Here are a couple of examples:

  • A manufacturing company may want to have a group picture of the entire company but have individual profiles limited to leadership and customer-facing roles like sales or customer service.
  • A Real Estate Brokerage would want to build complete profiles for each of their Real Estate Agents since it wants to present that they are legally operating at the brokerage and help each of them build a reputation for prospects. It also helps them be found if potential clients are trying to look up the realtor that they met at an event or heard about through a recommendation.
  • A coffee shop might not want to show any of the staff since customers can’t expect a specific barista to be at the cafe for all of their operating hours. However, a restaurant might want to showcase the Chef and Sommelier as their personal touch to the menu is part of what makes them special.
  • Medical practices would want to show the Doctors, but might also want to show support staff who would be interacting with their patients. This builds credibility and helps prospective new patients choose your practice over a competitor.

Do I need to Include Every Employee on our About page?

There are a few examples that we have consulted on previously, and the decision was never immediately obvious nor consistent within that particular industry. In some cases, the business owners were not comfortable showing any of their staff because there was an ongoing issue of competitors trying to poach their staff. More common situations were with part-time, seasonal, or contract workers being the bulk of their staff. They knew in some cases that the staff was working other full-time jobs and didn’t want to jeopardize that (bartenders, servers, cleaners) or thought it would be difficult to keep up with updates as the staff continued to change.
If it makes sense for you to include your team profiles on your website, here is an outline for you to follow that will keep introductions consistent and offer some personality to each of the people who are being listed. After all, there’s nothing worse than your team looking only as cheerful as a phonebook. 
Include the essentials:

  • Name
  • Title
  • Department 
  • Certifications/Licenses

Add some optional flavour:

  • Favourite Quote
  • Hometown
  • School
  • Hobby
  • Office Nickname (if it’s approved to be shared)

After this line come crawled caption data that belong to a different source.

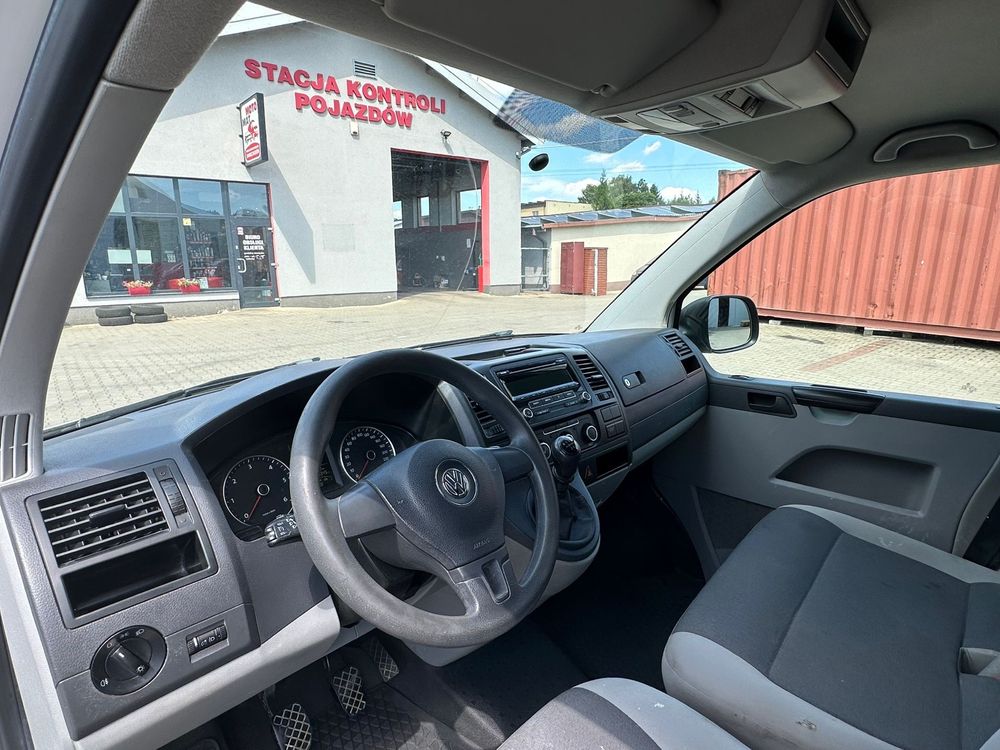 Volkswagen Transporter T5 2.0 TDI 102 KM – 2014 r. – 210 000 km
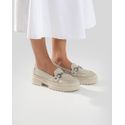 Mocassim Feminino em Couro Off White Com Fivela 4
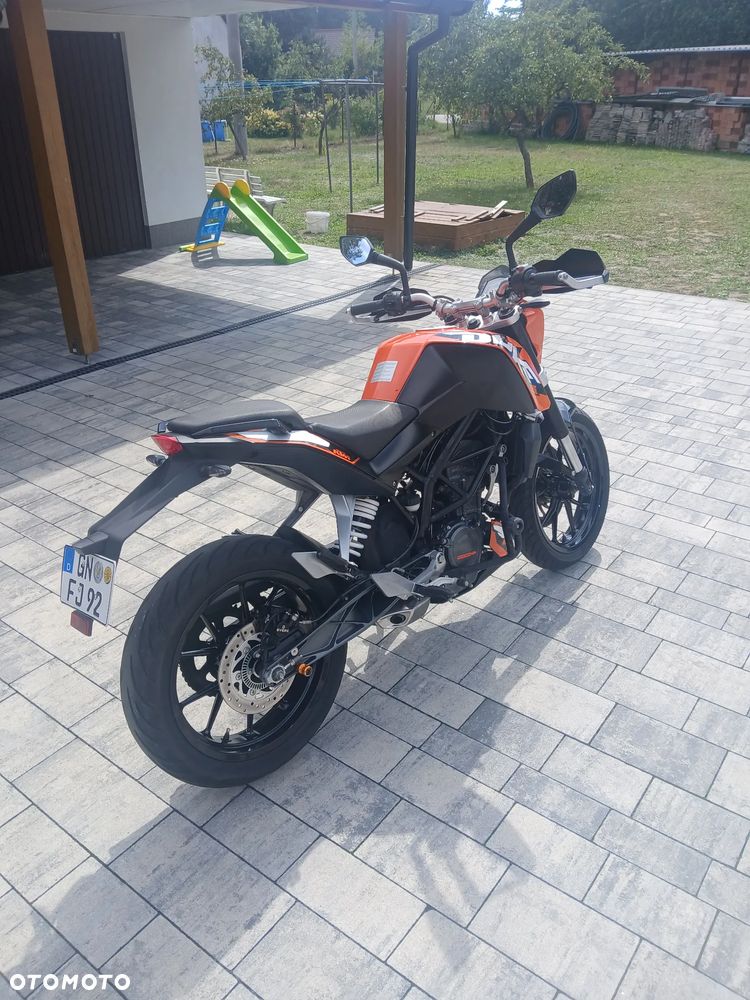 KTM Duke 125 - 13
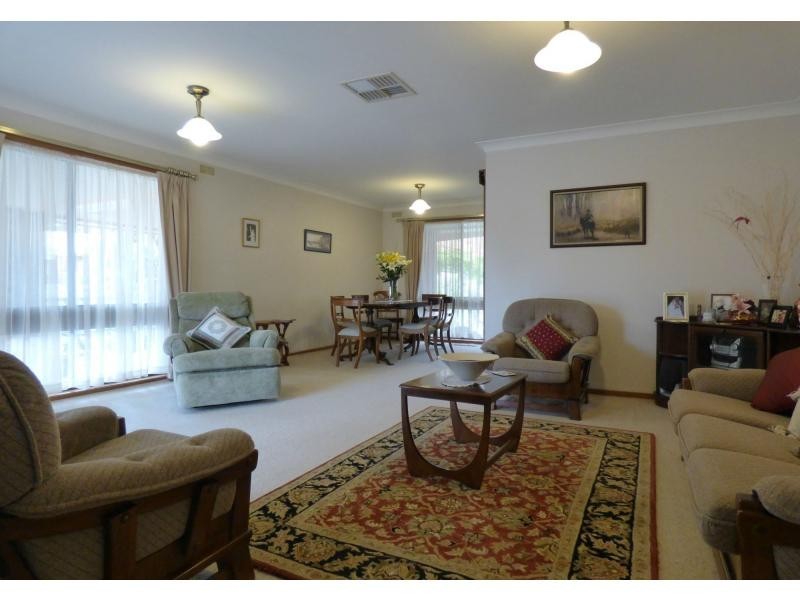 85 Coish Avenue, Benalla VIC 3672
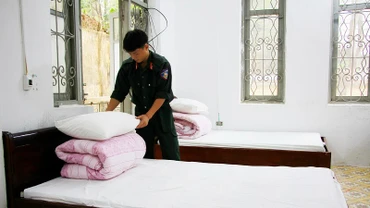 Chiến sĩ Công an tỉnh sắp xếp khu ở miễn phí dành cho người chờ thi sát hạch, cấp giấy phép lái xe.
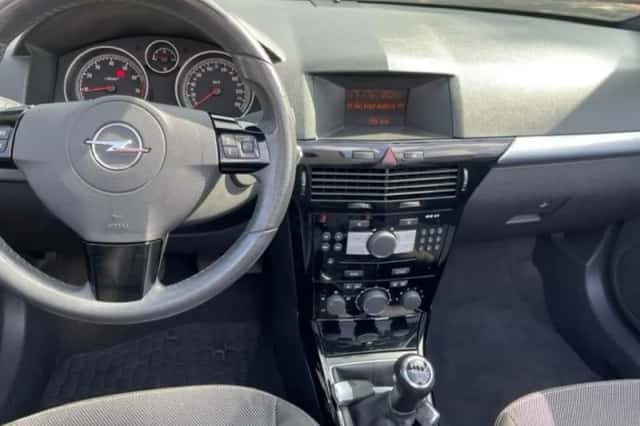 Opel Astra (2010) thumbnail 4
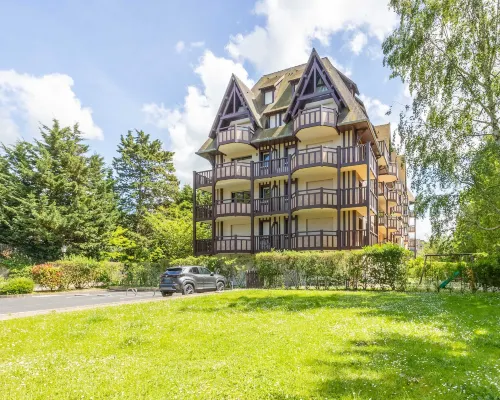Cosy apt with parking & balcony - 4P - Deauville Hotels in Tourgéville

Think this part through and consult with your team. It’s best to have the planning done as a group so everyone can be proud of what will be showcased. Before you ask for staff consensus, create the basic boundaries that you would be most comfortable representing your brand. Avoid things that will go against your company culture or could upset customers.

Should We Have a Way to Contact our Staff on our Website?

The decision to add contact or connection information onto staff profiles is about the intent. Does it help your business for it to be included? Usually, this depends on their role/department and if connecting with the public will be a good or bad thing based on your processes.  

  • LinkedIn can be great for salespeople as they are building a network that can lead to referrals.
  • Email contacts could be helpful for accounts payable/receivable.
  • Linking to Twitter, Facebook, Instagram, Snapchat, TikTok are not suggested unless the employee has an account specific to the business.

Regardless of business benefit, be mindful of individual privacy and possibly create part of your HR manual around how much is expected to be shared by employees for company use. Ask the person responsible for human resources what would be best practice for your company.

What Photos Should We Use for Profile Pictures?

We’re often asked about profile pictures or headshots. Headshots can be costly and difficult to coordinate for company consistency. Having a variety of photos doesn’t help, especially if they are being taken at different times. You don’t need to have a massive yearly photoshoot, just make sure they are current and consistent. We had one CEO who insisted on using a photo that was 20 years old and no one recognized him when he was at industry events, so that didn’t help anyone. If most of your team doesn’t want to have their photo shown, you can have some fun with alternatives. Build off your brand by doing something that will creatively showcase your collective personality.

Ideas for team photos to avoid headshots:

  • Kids/Baby photo
  • Cartoon Avatar
  • Create GIFS
  • Costume

Before you rattle off your list of people, consider having a group photo from a recent event that shows the entire team. This can be helpful for recruiting in the future and can put a smile on everyone’s face knowing that they are a valuable part of your company.

Profiles don’t have to be stale! Each of your staff can be a part of your team’s marketing efforts and link back to their profile (hello, internal link building!) Ask who would like to do a social media takeover for a week or write a blog post. It’s a great way for them to share something new that benefits the company and has relevance coming from their perspective.